= Beginning of Section =

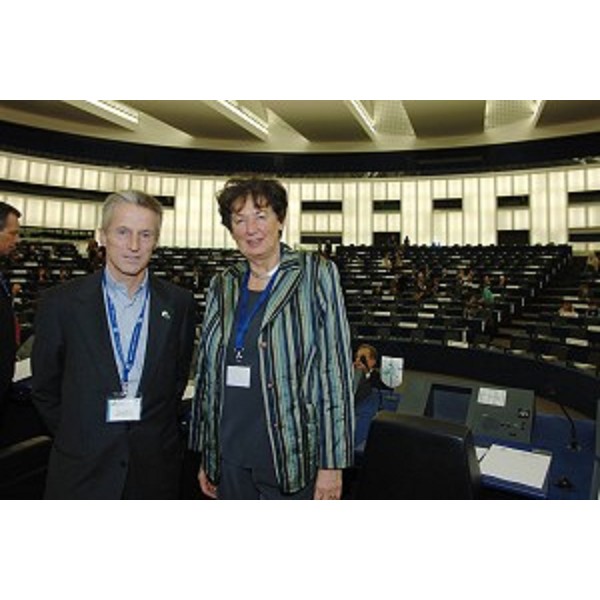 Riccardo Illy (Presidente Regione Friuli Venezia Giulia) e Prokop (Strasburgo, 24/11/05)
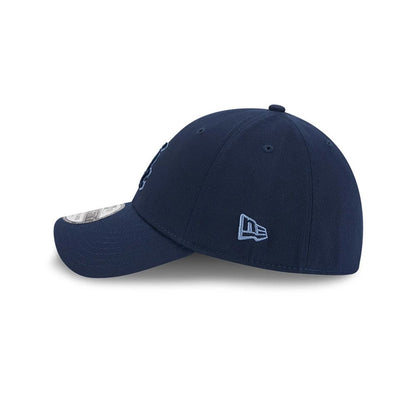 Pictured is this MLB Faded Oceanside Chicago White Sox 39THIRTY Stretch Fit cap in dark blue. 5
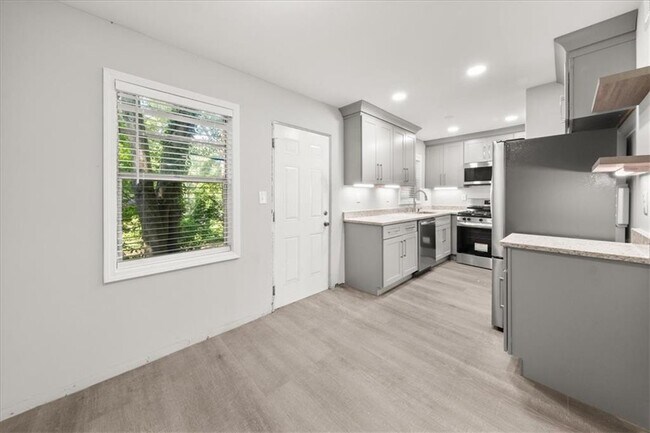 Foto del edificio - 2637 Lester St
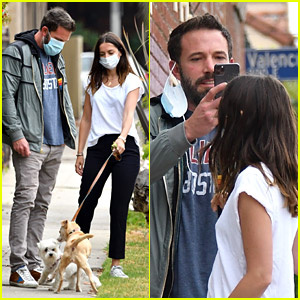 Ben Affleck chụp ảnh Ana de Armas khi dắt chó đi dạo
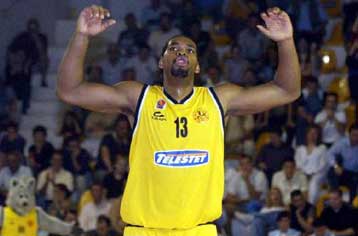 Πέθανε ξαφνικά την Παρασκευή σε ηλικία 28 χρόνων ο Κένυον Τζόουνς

= End of Section =

| INSTRUCTIONS FOR THE TASK |
Take the line that contains "Pictured is this" as the first and the last line of the records as the end, and please quote those lines exactly, pictures omitted.

| TASK RESULT |
 Pictured is this MLB Faded Oceanside Chicago White Sox 39THIRTY Stretch Fit cap in dark blue. 5
 Foto del edificio - 2637 Lester St
 Ben Affleck chụp ảnh Ana de Armas khi dắt chó đi dạo
 Πέθανε ξαφνικά την Παρασκευή σε ηλικία 28 χρόνων ο Κένυον Τζόουνς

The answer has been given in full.